▶ **PROBLEM REQUIREMENTS**
Write out exactly, with both ends included, the lines that run from the line containing "Vintage Floral Grey" to the end of the entries. Pictures are not part of the answer.

[Image-text web data]
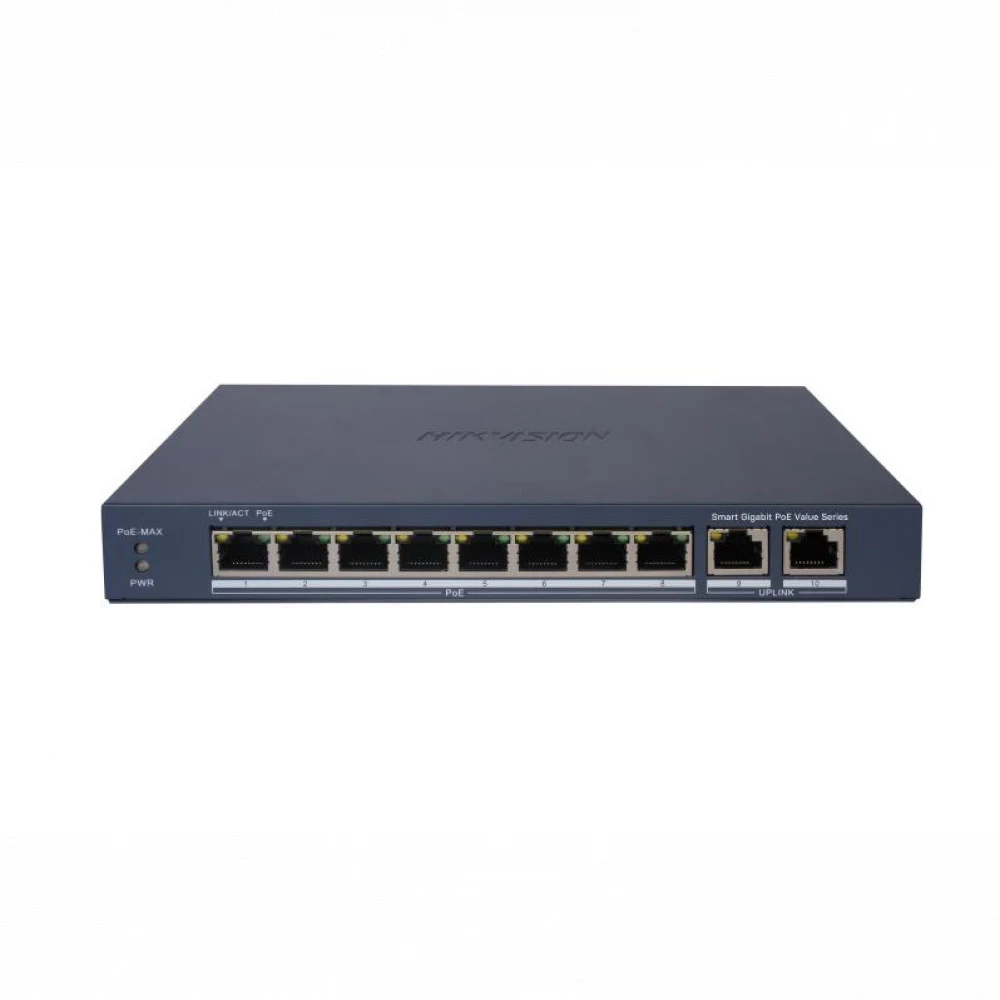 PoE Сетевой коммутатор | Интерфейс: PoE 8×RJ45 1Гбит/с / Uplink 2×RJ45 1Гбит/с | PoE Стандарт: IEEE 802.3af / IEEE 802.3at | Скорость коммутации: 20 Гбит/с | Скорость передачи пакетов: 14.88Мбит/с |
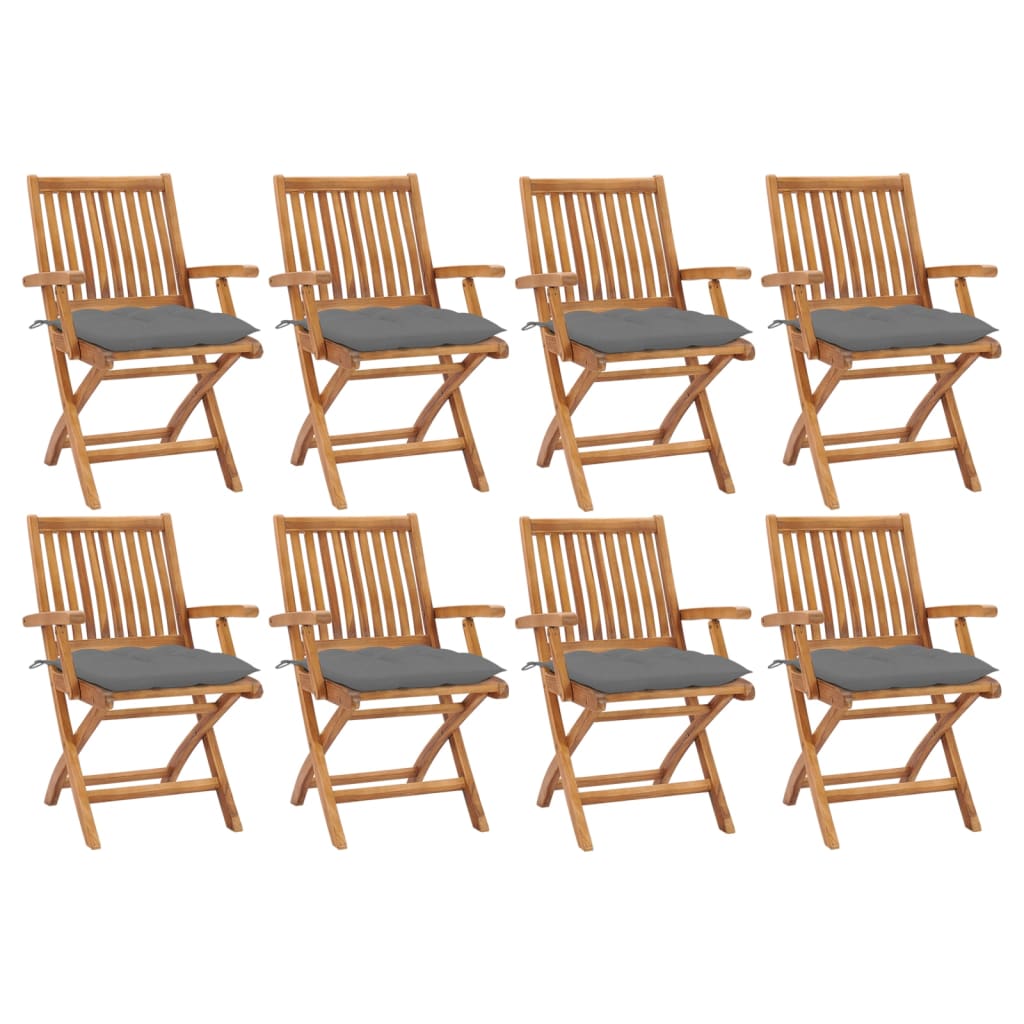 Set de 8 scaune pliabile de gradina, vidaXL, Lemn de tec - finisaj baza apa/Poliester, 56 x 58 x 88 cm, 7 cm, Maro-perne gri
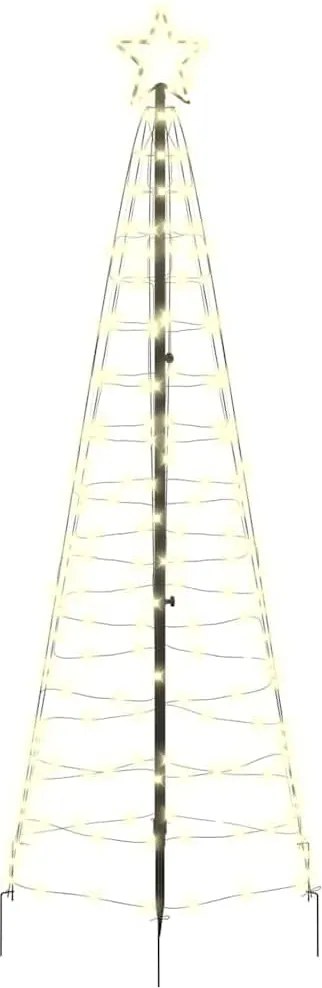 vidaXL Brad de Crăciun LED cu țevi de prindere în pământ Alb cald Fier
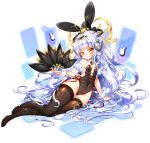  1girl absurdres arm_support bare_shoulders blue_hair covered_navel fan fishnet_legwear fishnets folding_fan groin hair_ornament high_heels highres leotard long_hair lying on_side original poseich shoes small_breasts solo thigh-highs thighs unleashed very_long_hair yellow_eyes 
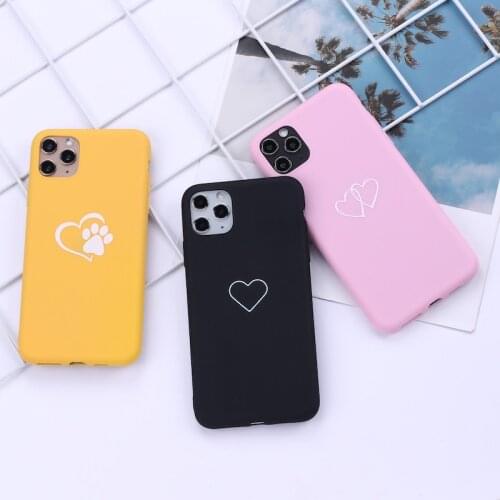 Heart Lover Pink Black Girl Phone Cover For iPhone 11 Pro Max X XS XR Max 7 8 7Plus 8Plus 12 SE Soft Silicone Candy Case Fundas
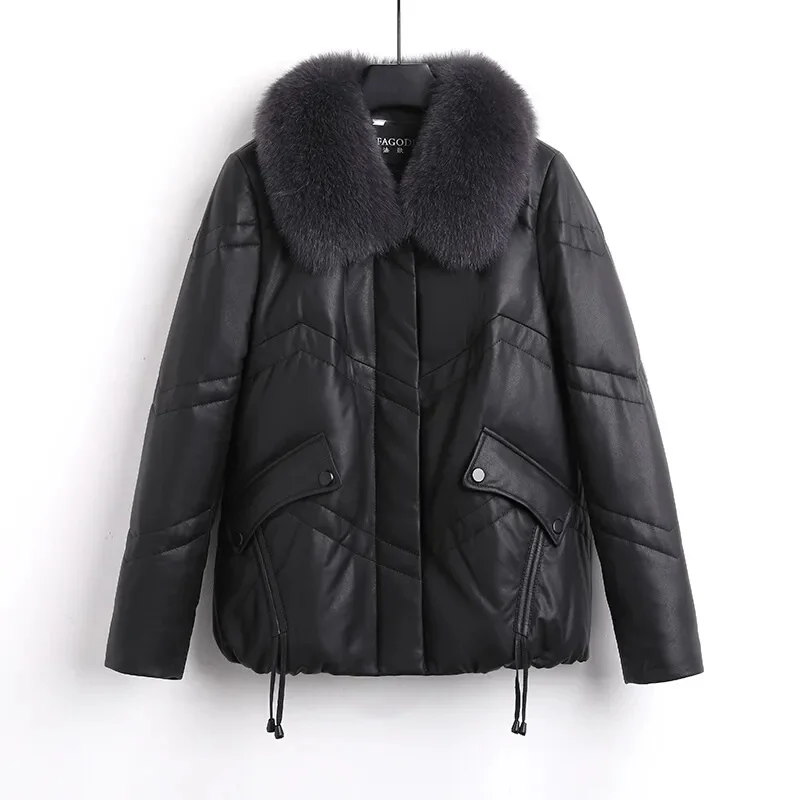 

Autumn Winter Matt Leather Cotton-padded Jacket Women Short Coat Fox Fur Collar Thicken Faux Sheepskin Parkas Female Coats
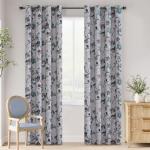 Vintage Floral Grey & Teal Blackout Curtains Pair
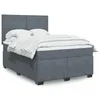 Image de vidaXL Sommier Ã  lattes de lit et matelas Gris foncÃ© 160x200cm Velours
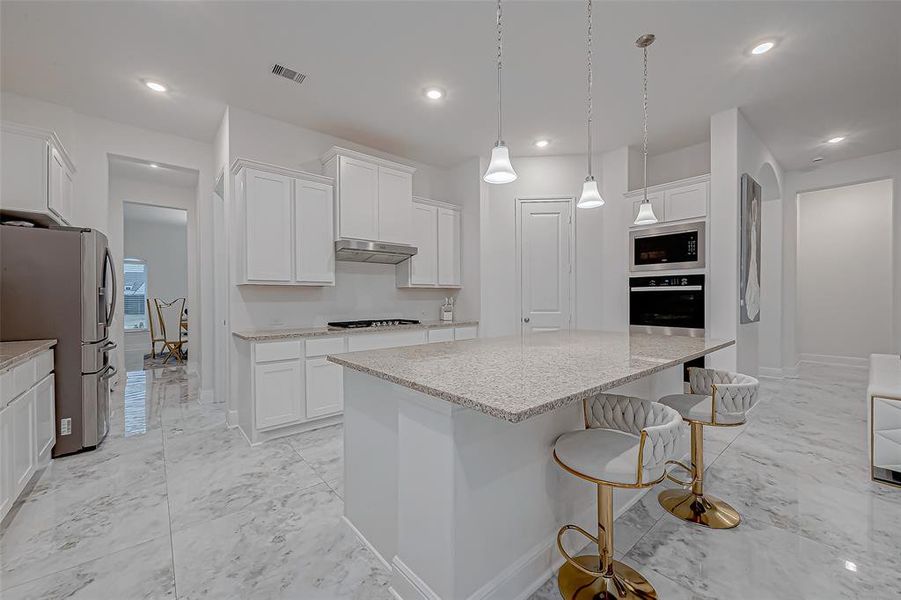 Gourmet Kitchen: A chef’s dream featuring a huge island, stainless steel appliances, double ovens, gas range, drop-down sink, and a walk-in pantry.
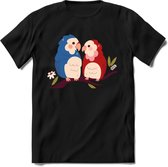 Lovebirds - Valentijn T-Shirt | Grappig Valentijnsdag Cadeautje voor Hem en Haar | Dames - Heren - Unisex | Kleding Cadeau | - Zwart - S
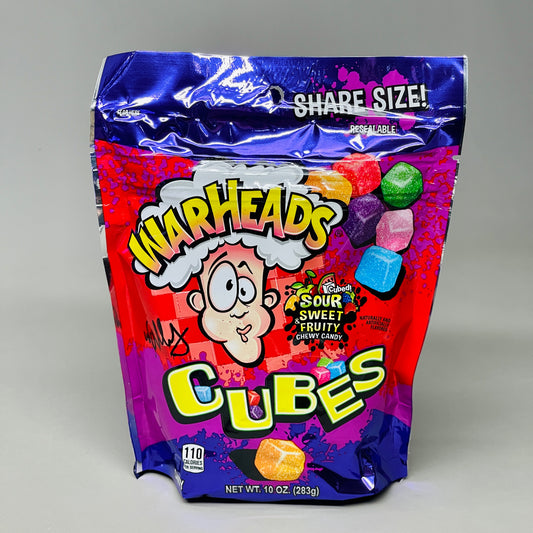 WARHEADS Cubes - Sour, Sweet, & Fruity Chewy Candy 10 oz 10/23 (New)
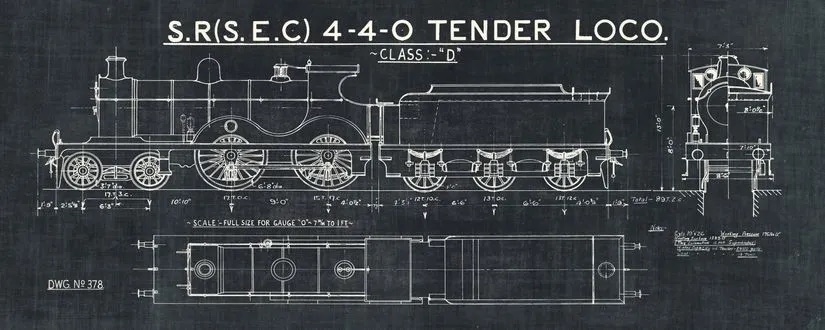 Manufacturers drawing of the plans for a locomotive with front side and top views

▶ **SOLUTION FOR THIS EXERCISE**
 Vintage Floral Grey & Teal Blackout Curtains Pair
 Image de vidaXL Sommier Ã  lattes de lit et matelas Gris foncÃ© 160x200cm Velours
 Gourmet Kitchen: A chef’s dream featuring a huge island, stainless steel appliances, double ovens, gas range, drop-down sink, and a walk-in pantry.
 Lovebirds - Valentijn T-Shirt | Grappig Valentijnsdag Cadeautje voor Hem en Haar | Dames - Heren - Unisex | Kleding Cadeau | - Zwart - S
 WARHEADS Cubes - Sour, Sweet, & Fruity Chewy Candy 10 oz 10/23 (New)
 Manufacturers drawing of the plans for a locomotive with front side and top views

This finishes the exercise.